An exciting new element to the Black Nights Film Festival is a market, entitled Black Market Industry Screenings, whose aim is to showcase the latest productions from North, East and Central Europe to members of the international film industry. There is also Books Into Movies, a literary rights market, which will introduce works from Estonia, Latvia, Lithuania, Russia, Finland, Norway, Georgia and the Ukraine.

Advice on the films screened, as well as recommendations, will be available from the Solaris Centre, which is manned by festival staff.

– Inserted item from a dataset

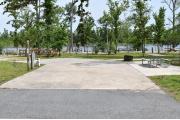 ADA-accessible campsite with concrete pad, picnic table, cooking grill with electric and water in a campsite with view of lake.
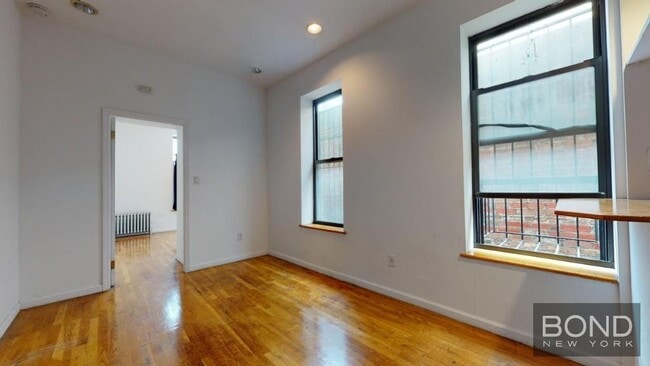 property at 68 E 1st St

Those looking out for a local film to watch will likely pick few better Estonian films this year than Disco and Atomic War, the slyly comical play with the documentary form by Jaak Kilmi. A description of the film’s narrative trajectory will do little justice to the sheer level of invention and enthusiasm the director invests in this story of life in Soviet controlled Estonia in the dying days of communism. Forget Gorbachev, Reagan and the nuclear threat, the film tells us. The Iron Curtain was levelled by Dallas, Knight Rider and a special screening of Emmanuelle that, nine months later, saw a spike in the birth rate in Estonia. Intelligent, engaging and very, very funny, Kilmi’s account of growing up in the 1980s deserves a wider audience beyond the Baltic countries.

Bluebeard
Catherine Breillat’s Bluebeard
A very different film, but no less an achievement is Catherine Breillat’s beguilling adaptation of the Bluebeard myth. At first glance, it seems an atypical choice for Breillat, but once it hits its stride, Bluebeard is firmly in the ideological territory that the director has been exploring for years. Finding a new angle on the tale, she empowers the central character, investing the matricidal count’s new partner with more power and influence than we have previously seen. In a parallel story, set in the 1950s and featuring two girls reading the tale aloud, we witness the fine line between the assertion of self and the cruelty that the power over others can provoke. It is also one of Breillat’s most beautiful films.

Finally, the day also saw a very entertaining film about an extremely dry subject. RIP: A Remix Manifesto explores the complex world of ownership and illegal downloading. Brett Gaylor’s film explores the legal quagmire of music publishing, employing the music of Girltalk to discuss where one artist’s creativity ends and another’s begins. The film may not win many converts, but it raises important issues in a dynamic way.